• PROBLEM DETAILS:
Beneath this line are entries. Copy the range from the line with "Woman wearing a" to the line with "Visitors visit the", ends included, exactly; leave pictures out.

• RECORDS FOR THIS EXERCISE:
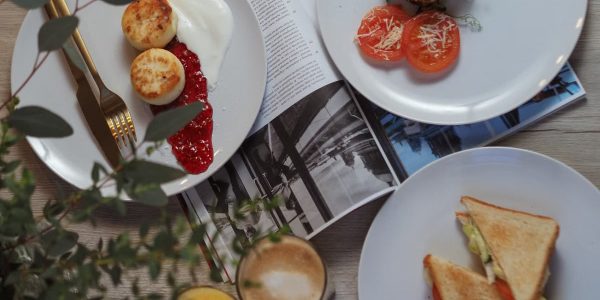 Overhead view of a stylish breakfast setup with toast, pastries, and beverages.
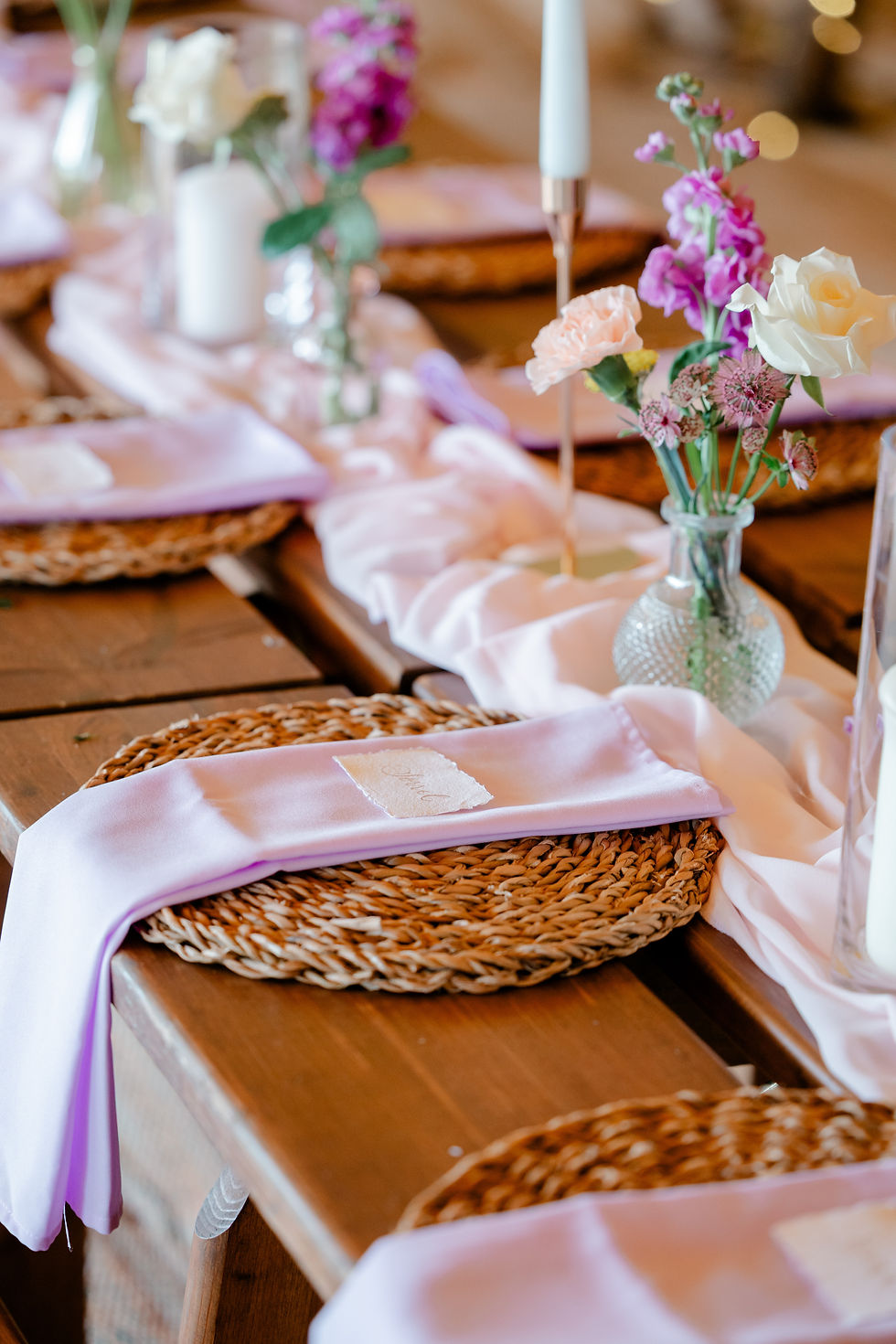 Wedding table settings with lavender napkins, woven placemats, and small flower vases; a tag reads Bride.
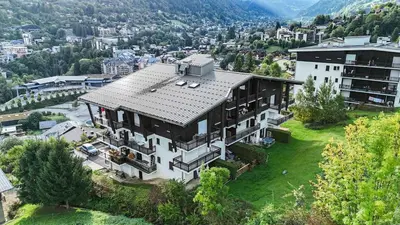 an aerial view of a large house in a city at Les Cimes de Saint-Gervais apartment in Saint-Gervais-les-Bains
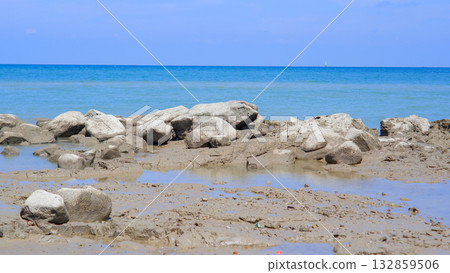 Coastal View at Low Tide Showing Mounds of Rocks and Muddy Shoreline under Blue Sky 132859506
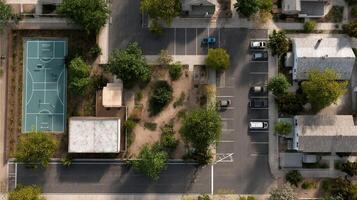 An overhead view of a quiet neighborhood block where small s of players engage in themed scavenger hunts utilizing mobile devices to uncover hidden clues and prompts that bridge thei photo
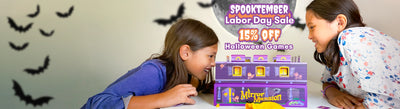 Two children playing with a purple and yellow board game labeled 'Mirror Mansion' on a table, with promotional text reading 'Spooktacular Labor Day Sale' and '15% Off Halloween Games' over a light gray wall with black bat silhouettes.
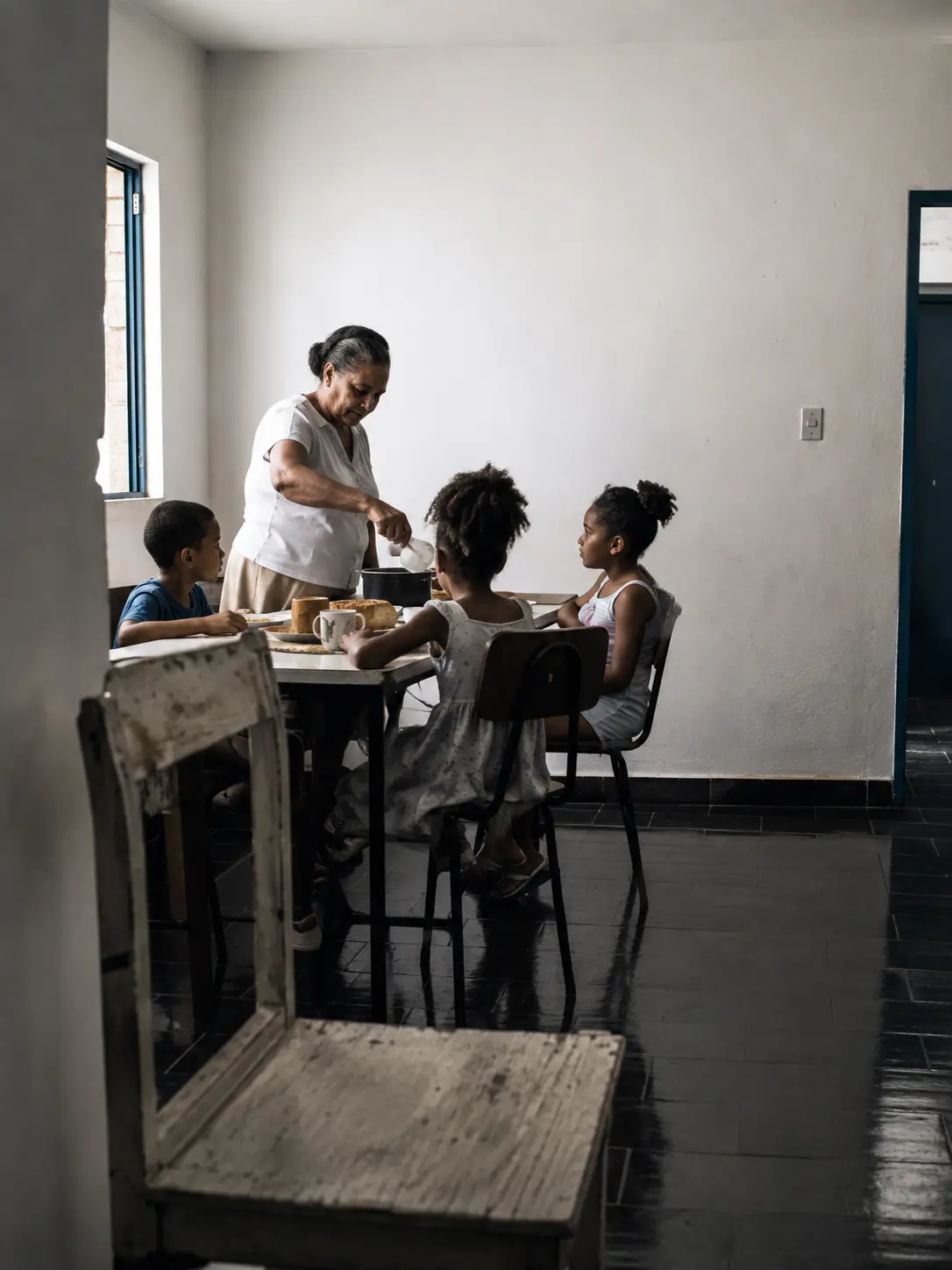 Avó servindo refeição para três crianças em mesa simples.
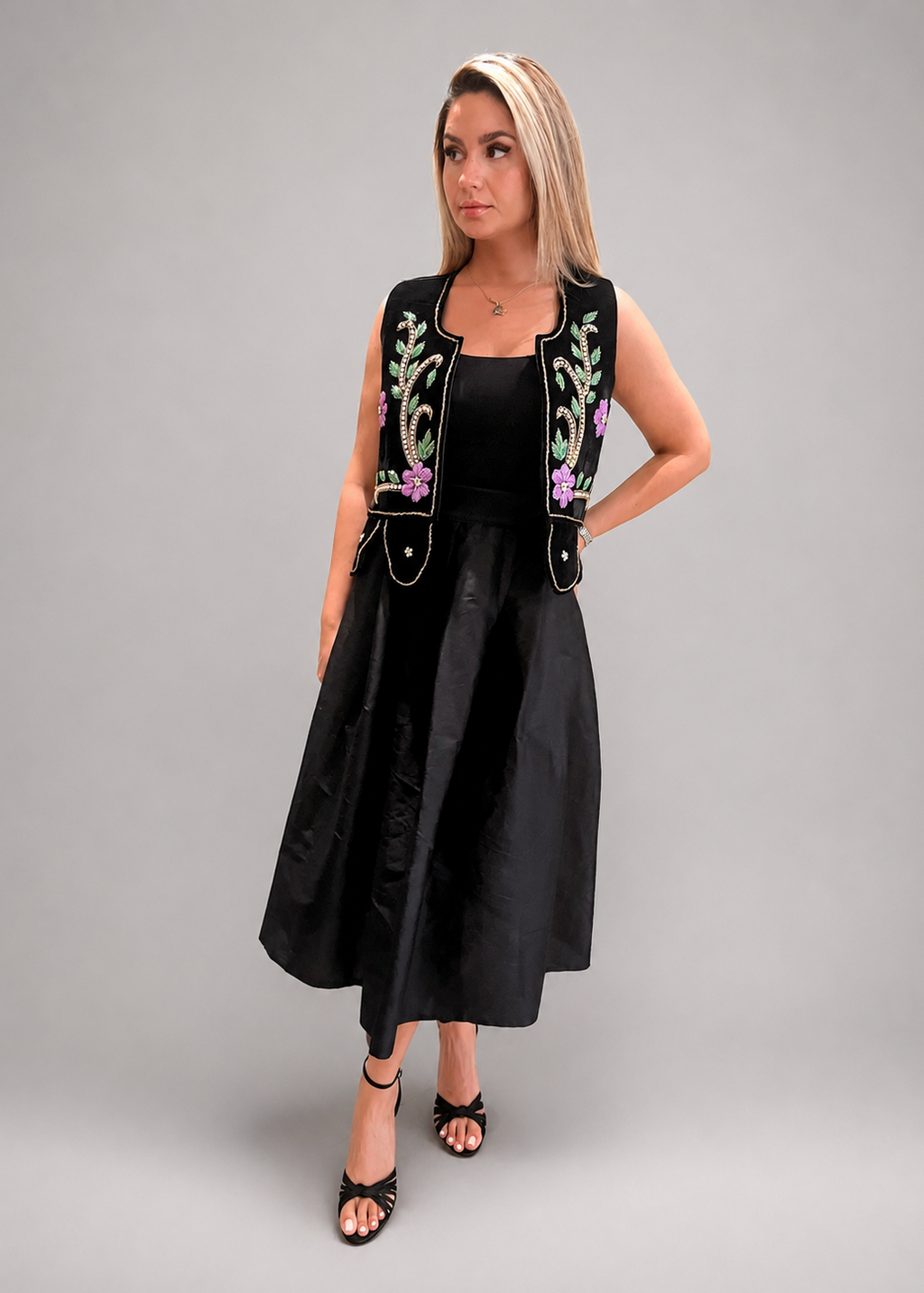 Woman wearing a black dress with an embroidered vest against a gray background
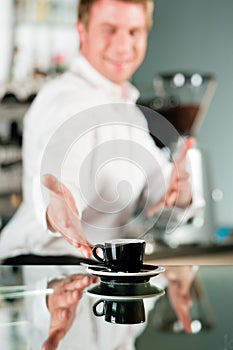 Coffeeshop - barista presents coffee photo
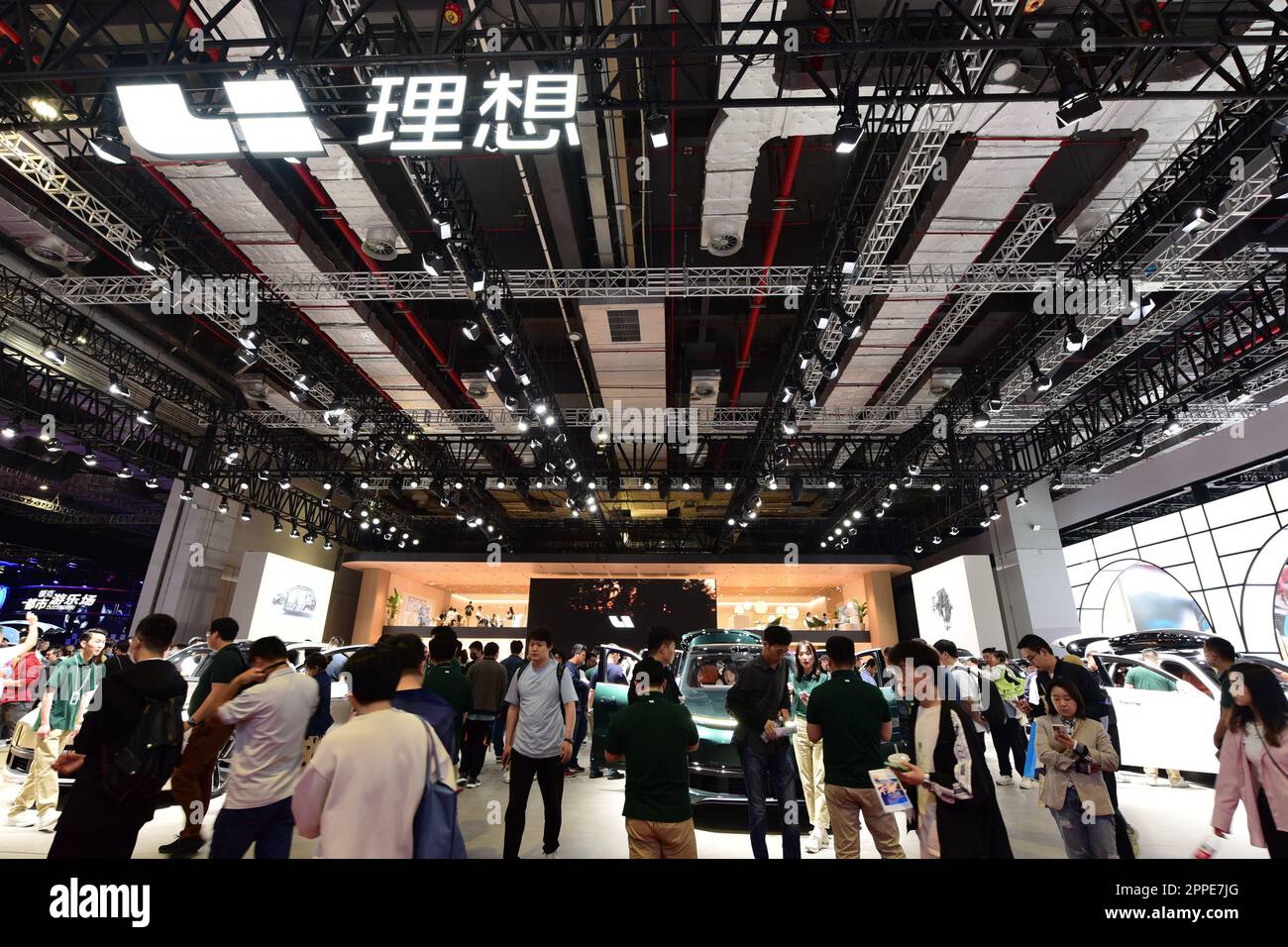 Visitors visit the booth of LI AUTO at the 2023 Shanghai Auto Show in ...
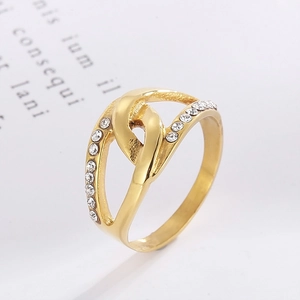 Macro shot of gold-plated leaf-style ring with micro-set zircon on twisted band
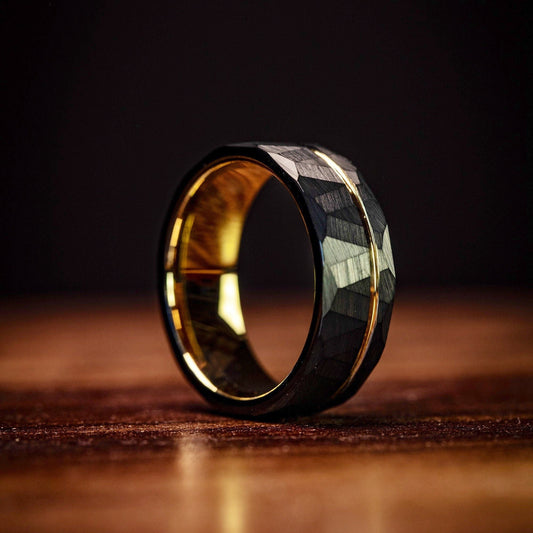 Men's hammered black wedding ring with yellow gold accents, offering a unique look.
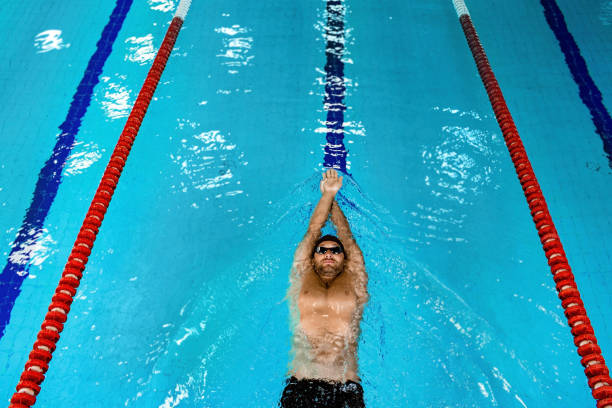 istock Swimmer floating in the swimming pool, top view. Man swimming on back 1260022841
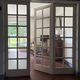 Triptych glass door with three panels featuring small panes. Vintage.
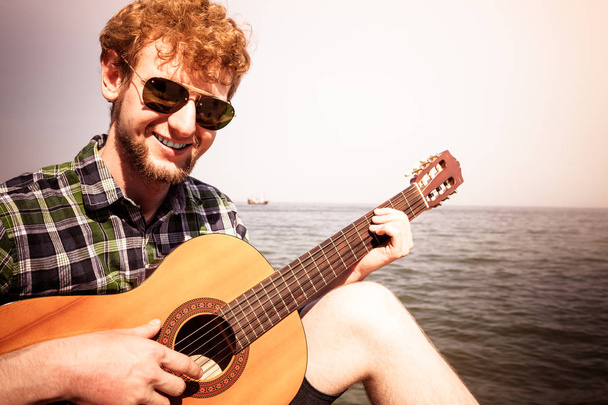 Happy young man hipster playing guitar by sea ocean water. Handsome guy in sunglasses relaxing on summer vacation. - Foto, imagen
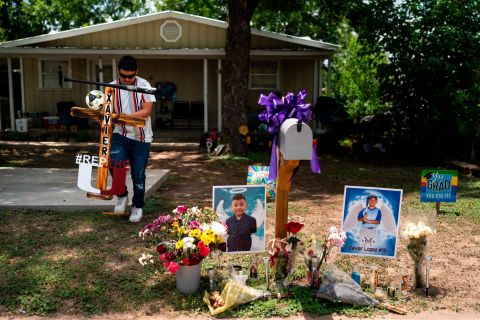 Jose Mata, Xavier Lopez's brother, carries a wooden cross decorated with a baseball bat to place it at a memorial honoring Xavier outside his home in Uvalde on May 31. 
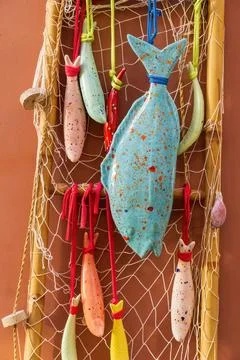 Multi-colored ceramic fish in decorative nets Stock Photos
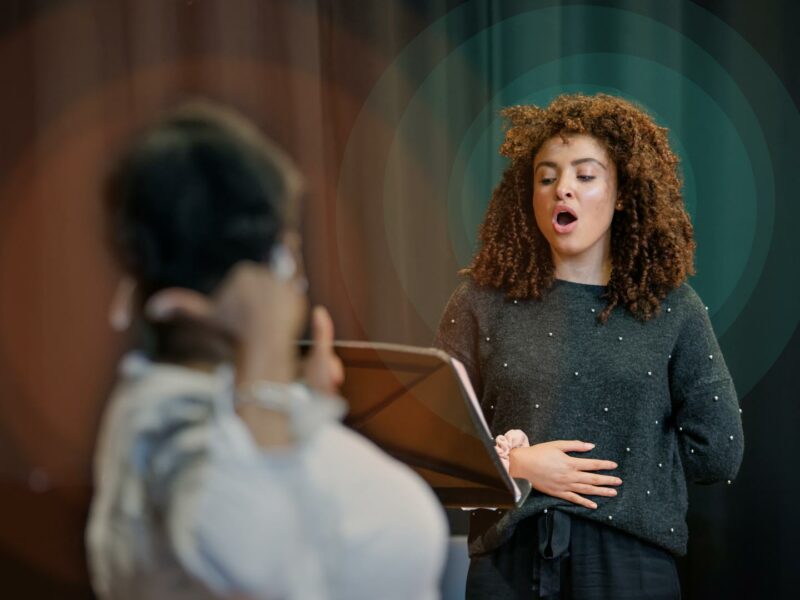 Person holding their hand to their stomach singing, stood in front of a music stand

• RESULT OF THE TASK:
 Woman wearing a black dress with an embroidered vest against a gray background
 Coffeeshop - barista presents coffee photo
 Visitors visit the booth of LI AUTO at the 2023 Shanghai Auto Show in ...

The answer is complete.